DECONSTRUCTED: Battle for brides

Readers of this June issue of PERE will notice how there is a bias towards coverage of wealthy individuals and their activities. Within these pages, you can find various reports, highlighting the reasons why the wealthy are so in love with the real estate asset class and how they are investing.

Explanations range from liking something that can be seen and felt, and enjoying the yield, to diversification, wealth preservation, status, and non-correlation to other asset classes such as equities. However, when it comes to wealthy Chinese entrepreneurs, perhaps everyone has missed the point.

For PERE has unearthed an article from September 2012 written by freelance journalist Roseann Lake who has just returned from China after five years in the country.

In an article entitled ‘Bachelor Padding’ she has come up with a novel yet potentially correct analysis that makes a connection between lonely single men and the overseas outpouring of investment and even the creation of a dangerous real estate bubble.

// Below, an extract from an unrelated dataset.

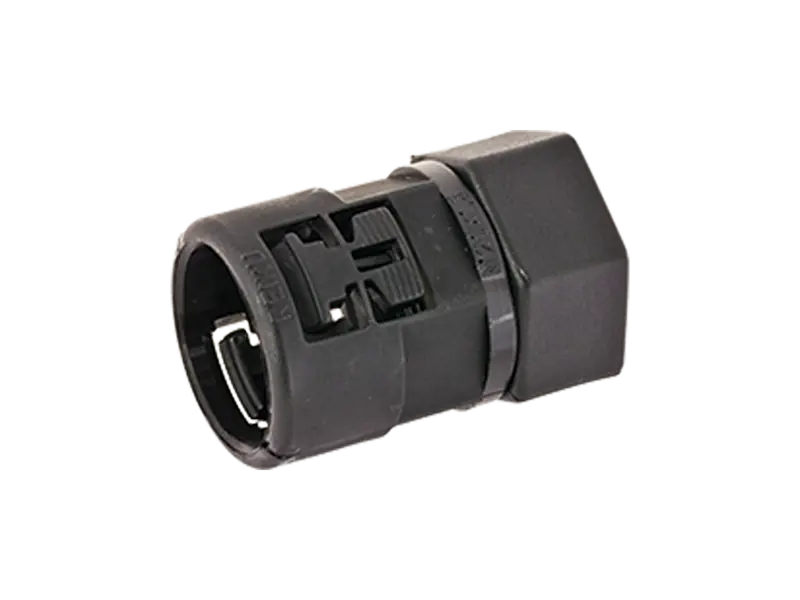 Product image of REIKU® PA-IOB - Straight connectors with female thread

Within the article, there is plenty of data to back an argument up that China’s one-child policy left men with a very competitive field when it comes to girls. After all, there is said to be a gaping gender imbalance of 120 boys for every 100 girls.

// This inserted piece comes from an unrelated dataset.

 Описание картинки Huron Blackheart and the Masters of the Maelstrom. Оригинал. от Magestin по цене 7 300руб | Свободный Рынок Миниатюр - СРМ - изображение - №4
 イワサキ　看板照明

It is also said that by 2020, 15 percent or one-in-six men of marriageable age will be unable to find a bride, something that is already occurring in Taiwan and South Korea – two other countries where overseas property investment is on the agenda. Mathematically, many men cannot get married and will be consigned to the singleton scrapheap. And here is the real problem: the mothers of potential brides are forbidding their daughters from marrying any man who is not a homeowner.

This in turn is pushing property prices up, helping those that have made investments in the first place to become very rich and eventually to buy real estate overseas.

So you see, the global trend of Asian high net worths and family offices competing against institutions for prime property assets in Europe and the US has nothing to do with the reasons highlighted elsewhere in these pages and all to do with the battle for brides.